If you're like me, you may take a "wake-me-when-it's over" stance toward all the wrangling about moving the Oakland A's to San Jose. Sometimes it reminds me of endless innings of scoreless ball without the suspense.
But Lew Wolff's latest idea of trying to find a temporary home for his A's is worth analysis: It may open a sliver of opportunity for San Jose, though it raises as many questions as answers.
First, you have to ask why Wolff is floating the idea at all. The answer has everything to do with Oakland. Wolff wants a longer-term lease on the Oakland Coliseum, probably five years -- enough time to figure out what comes next.
The Oakland authorities have been resisting an extension beyond 2015. Under one scenario, they hope to coax the A's into building at the Howard Terminal site, near Jack London Square, a site Wolff dislikes.

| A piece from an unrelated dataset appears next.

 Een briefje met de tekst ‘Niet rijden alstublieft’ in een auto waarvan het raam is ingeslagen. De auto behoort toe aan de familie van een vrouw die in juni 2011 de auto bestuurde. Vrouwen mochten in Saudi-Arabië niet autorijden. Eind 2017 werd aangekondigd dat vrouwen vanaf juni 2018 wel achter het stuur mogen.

In the simplest take, Wolff is trying to create leverage to get a longer lease at his current site. The most likely outcome is Oakland will fold and give Wolff what he wants.
A complicating factor here is the Raiders, who are now negotiating with the Oakland Joint Powers Authority (JPA), and would like a football-only stadium on the site.

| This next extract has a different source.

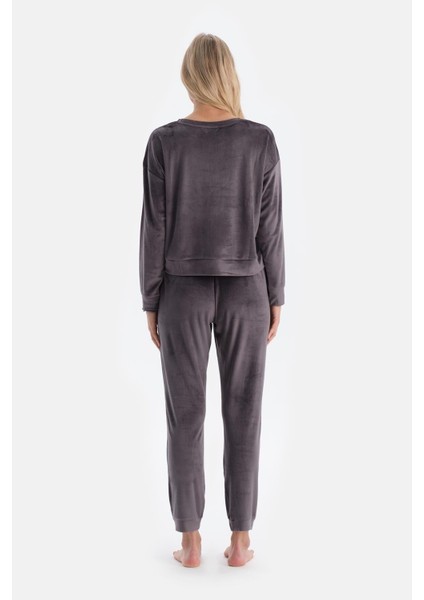 Gri Nakış Detaylı Uzun Kollu Kadife Pijama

But there have been whispers lately that the negotiations are not going well. Let us assume that keeps the door open for the A's.
Meanwhile, the question arises: If Wolff were to move the team to a temporary location, where might it be?
San Jose Mayor Chuck Reed says that one location might be San Jose Muni Stadium. But even the mayor says Muni may be too small. And the city just signed a five-year lease with the San Jose Giants.
A better location, in terms of access and parking, might be the 50 acres the city owns next to Wolff's soccer stadium on the old FMC site, a stadium scheduled to open next year. But why construct a temporary park if you have no assurance of where you will end up?
"How long are you going to be there?" asked Santa Clara County Assessor Larry Stone, a dedicated baseball booster. "And where are you going to go? You don't know anything more about the future than you do today."
Any temporary ballpark has to be approved by Major League Baseball, which is now facing an antitrust lawsuit from San Jose. Typically, MLB has allowed temporary sites only when the club has a permanent location in mind (think Seals Stadium in San Francisco in the late 1950s).
Stone, for one, thinks that the most logical site would be Candlestick Park, which is set to be demolished later this year. Although it was modified for the 49ers, it has the advantage of originally being a baseball park. It's unclear whether the San Francisco Giants would resist this plan.
Remember one last thing: Wolff said he would consider a site accessible to his television and radio market -- and that might include Sacramento's Raley Field, the home of the River Cats, the A's triple-A affiliate.
That field, built in 2000, has a little more than 11,000 permanent seats, and grass berms that take capacity to 14,000. The A's could conceivably expand the park by adding bleachers in the outfield.
On second thought, I was right the first time. Wake me when it's over.